I looked into using AIO for this, but the API seems quite bad at making guarantees about flushing, and poorly supported.

Handling writeback errors

Posted Apr 5, 2017 14:05 UTC (Wed) by trondmy (subscriber, #28934) [Link]

It should be possible to set up an instantaneous notification mechanism to allow a listening application to figure out which areas of a given file failed to sync. Such a mechanism might be implemented either through a modification to fanotify, or the addition of a similar but dedicated interface.

Handling writeback errors

Posted Apr 8, 2017 17:04 UTC (Sat) by walex (guest, #69836) [Link]
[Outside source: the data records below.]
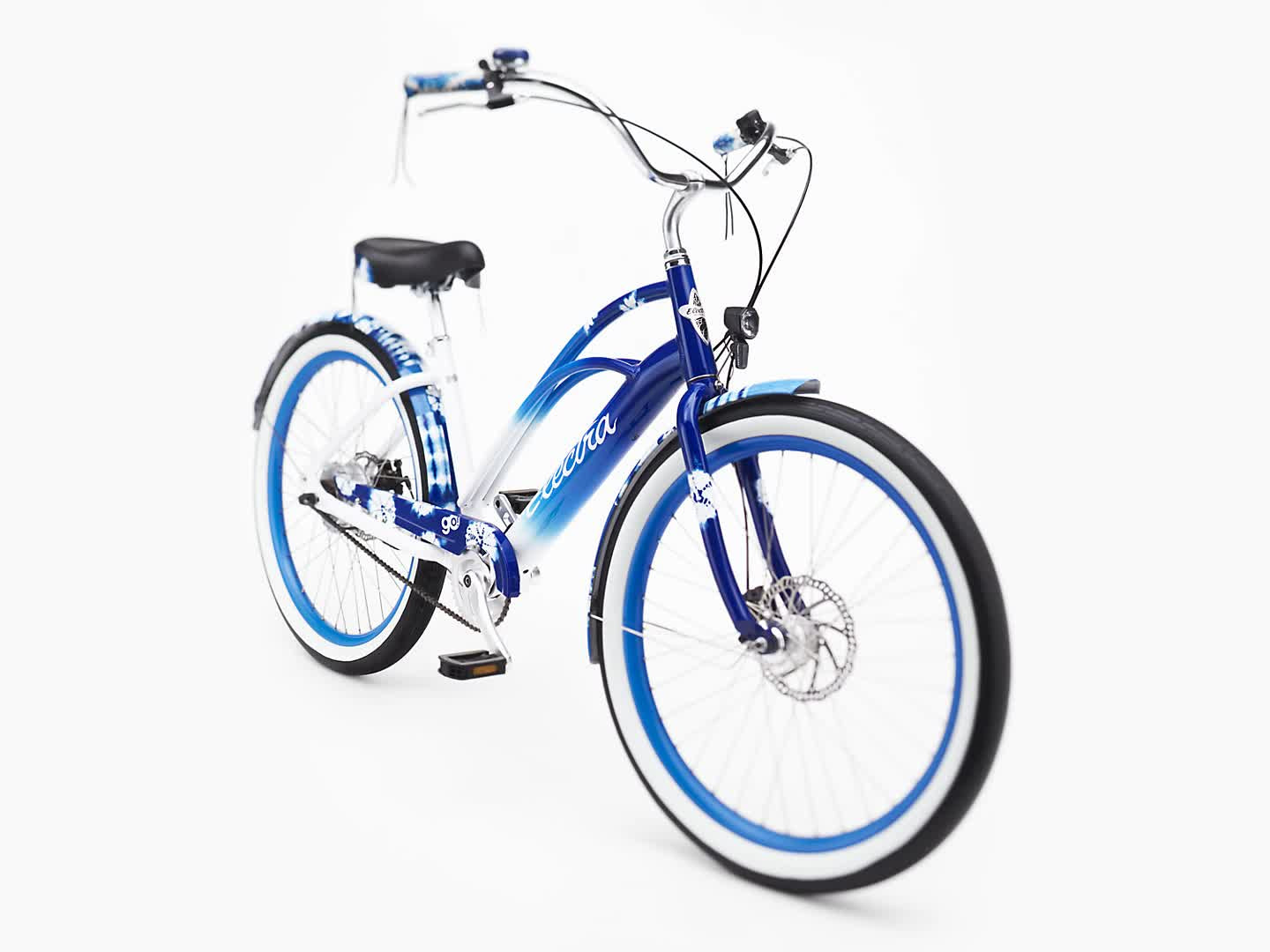 Electra Cruiser GO! Шаг через Шибори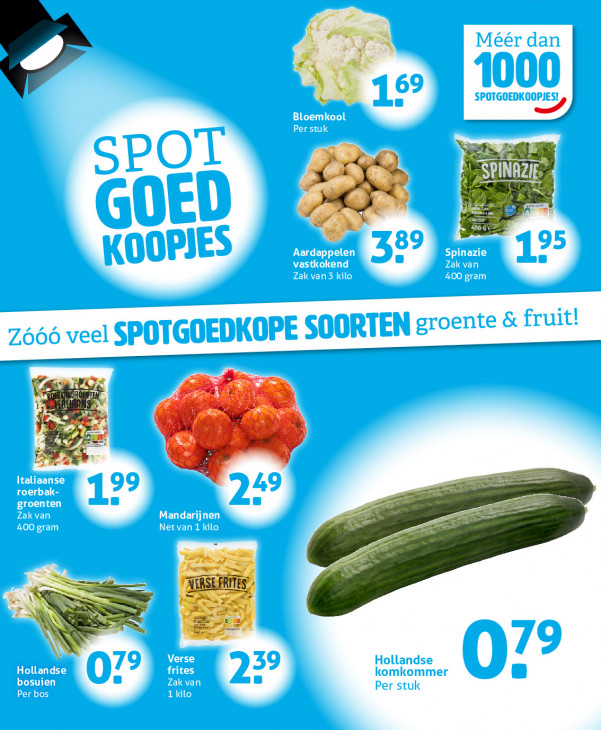 Hoogvliet Folder 08.10.2025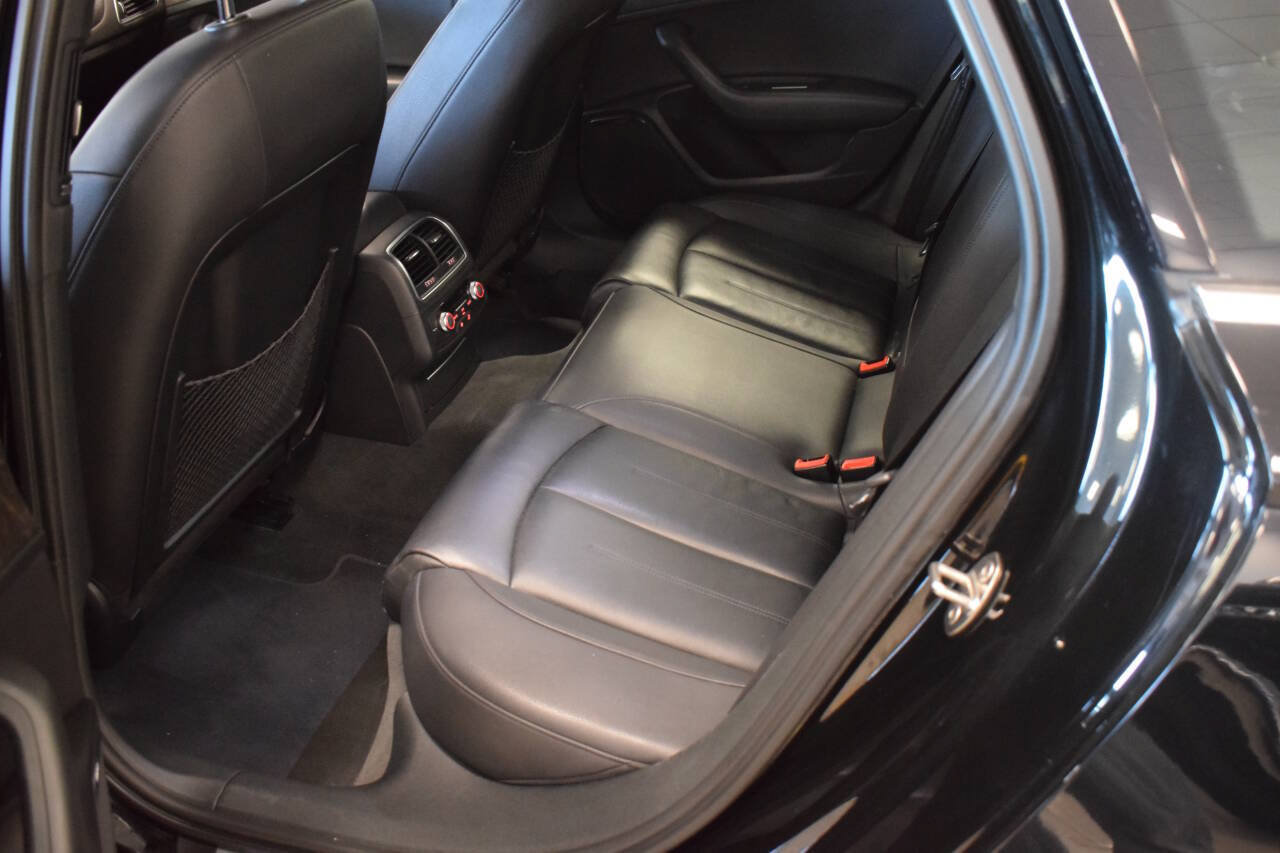 Used 2018 Audi A6 2.0T Premium Plus w/ Premium Plus Package AWD/4WD image 84
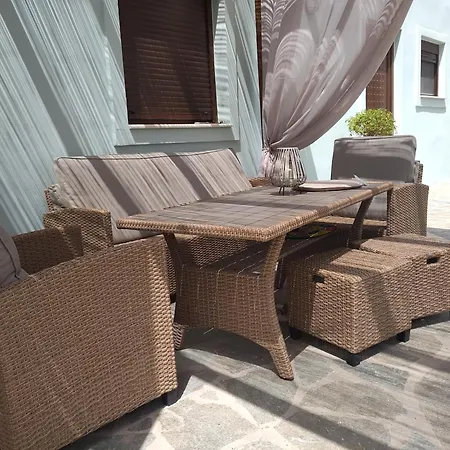 Pasiphae Luxury House * Ierapetra (Crete)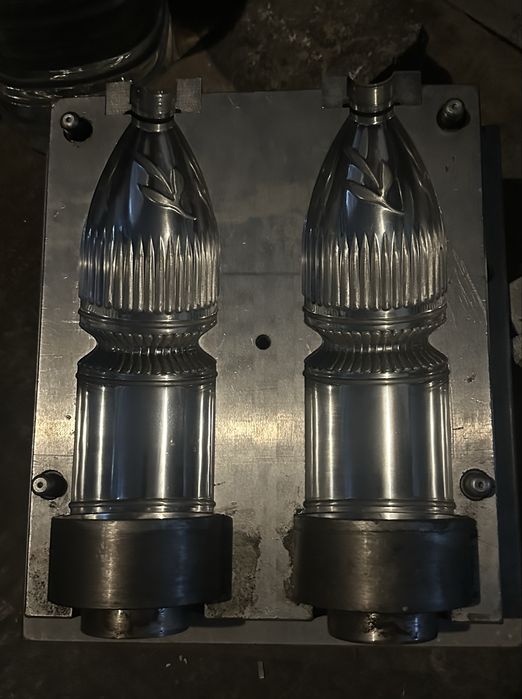 Матрицы пресс формы пэт-выдув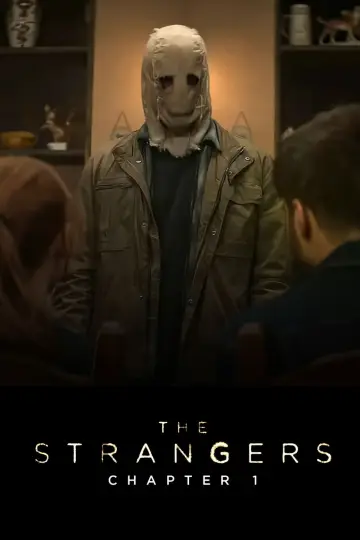 Poster to the movie "The Strangers: Chapter 1" #555840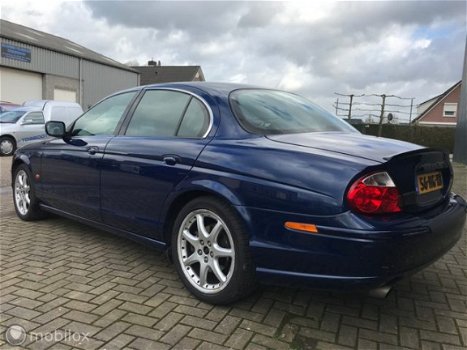 Jaguar S-type - 3.0 V6 Executive - 1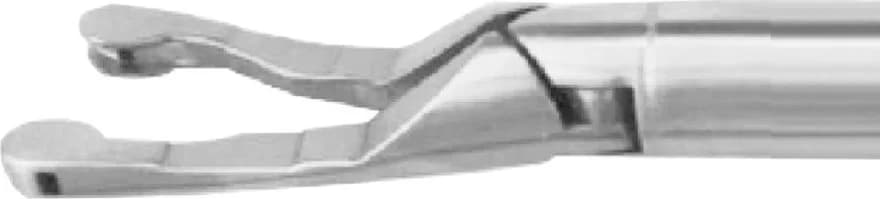 L1304P Clip Applier 10 mm × 330 mm for Laparoscopic Surgery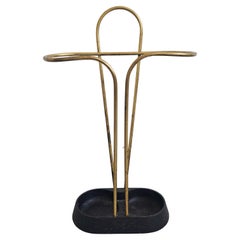 Stand de parapluie The Modernity, dessiné par Carl Aubock, Autriche, années 1950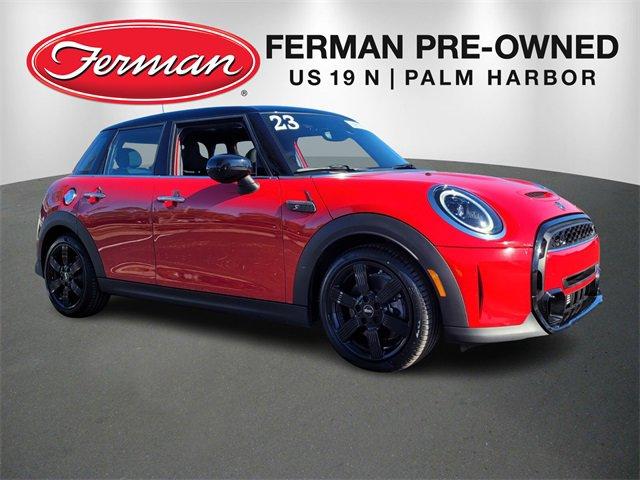 used 2023 MINI Hardtop car, priced at $24,892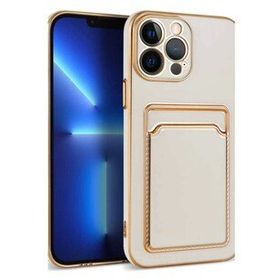 Evastore Apple iPhone 13 Pro Max Bark Kartlıklı Kapak Kılıf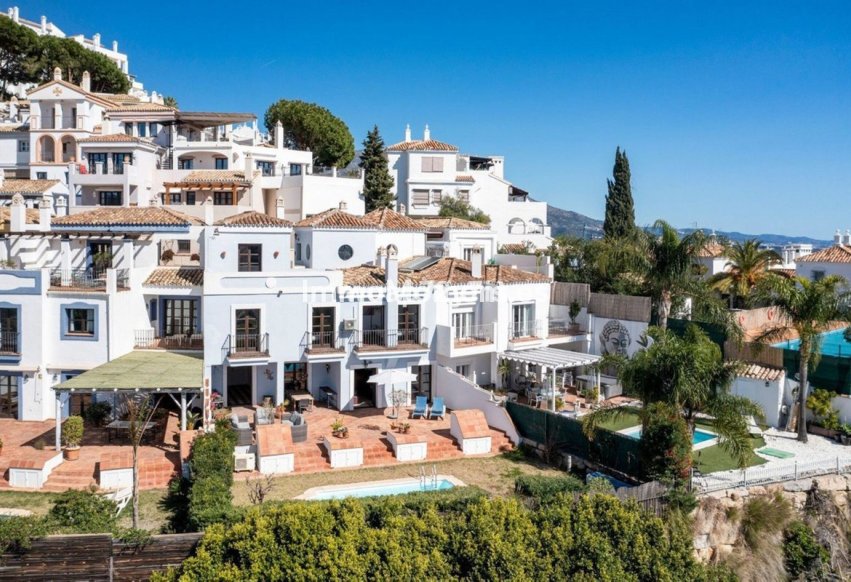Resale - Detached villa - Benahavís - Benahavís Centro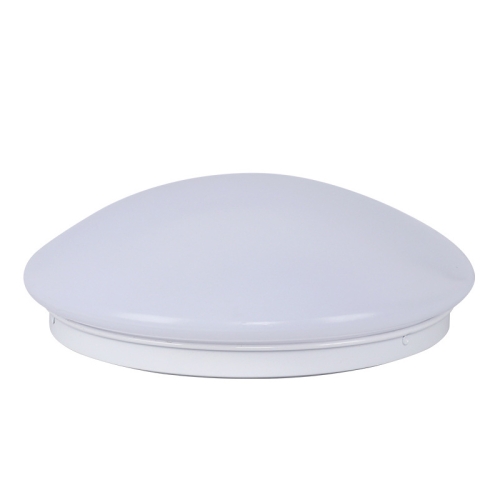 

LED Sound Light Control Ceiling Lamp Round Corridor Intelligent Sensor Lamp, Power source: 8W 230mm(White)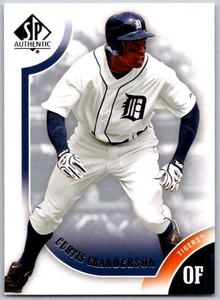 2009 SP Authentic Baseball Pick Your Card Complete Your Set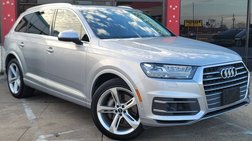 2019 Audi Q7 quattro Prestige 55 TFSI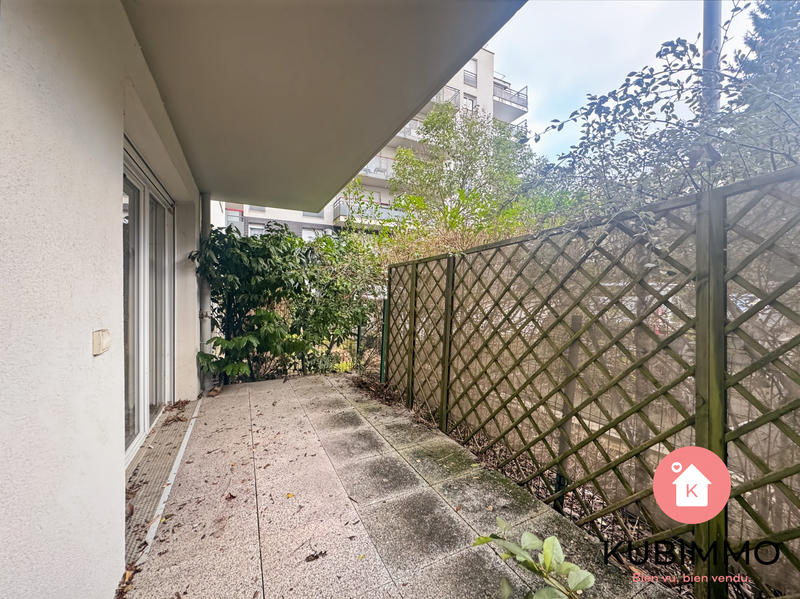 Appartement - 55 m² - 3 pièces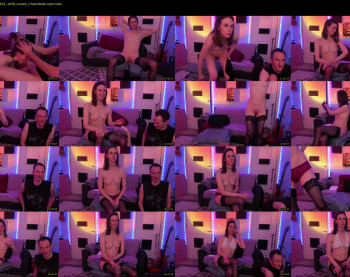 width_of_a_peach — 67 minute Chaturbate couple cam show recording, 1080p, Jan 24, 2022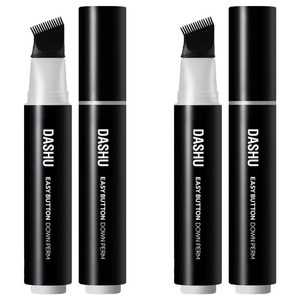 다슈 포 맨 이지 버튼 셀프 다운펌 모든모발용 본품 20ml + 리필 20ml, 2개
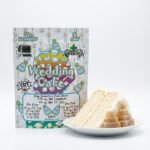 Wasatch Apothecary Baked Bytes Wedding Cake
Oh don't mention PostgreSQL :-).

Stonebraker wrote in 1981 a paper "Operating System Support for Database Management" that listed some very basic things that the kernel could do to make IO better for DBMSes. 35 years later, and not much has happened (for the better at least).

It has taken 15 years for a particularly stupid aspect of page_cluster implementation to get fixed, yet new JavaScript frameworks are released every day :-). "Management" just don't care.

NFS blocking

Posted Apr 6, 2017 5:04 UTC (Thu) by fratti (subscriber, #105722) [Link] (1 responses)

>that would help with NFS blocking indefinitely when the server goes away, for example.

That always seemed a little awkward to me. While I get that NFS wasn't made to be used in settings where you don't have really stable connections, getting a bunch of zombies whenever you accidentally yank the USB Ethernet dongle from your laptop during a backup is certainly not pleasant.

Somewhat related, are FUSE filesystems like sshfs unaffected by this entirely?

NFS blocking

Posted Apr 8, 2017 19:23 UTC (Sat) by jlayton (subscriber, #31672) [Link]

No, fuse's fsync calls filemap_write_and_wait_range, which does an uninterruptible sleep. Almost everything in the kernel that waits on pages to be written out does so with a TASK_UNINTERRUPTIBLE sleep, mostly via wait_on_page_writeback()).

In broad strokes, I'd like to see us add wait_on_page_writeback_killable/interruptible, and use those where we can. That does mean looking closely at different places where it's called and making a reasonable judgement of whether it's safe and what to do with errors from being signalled there.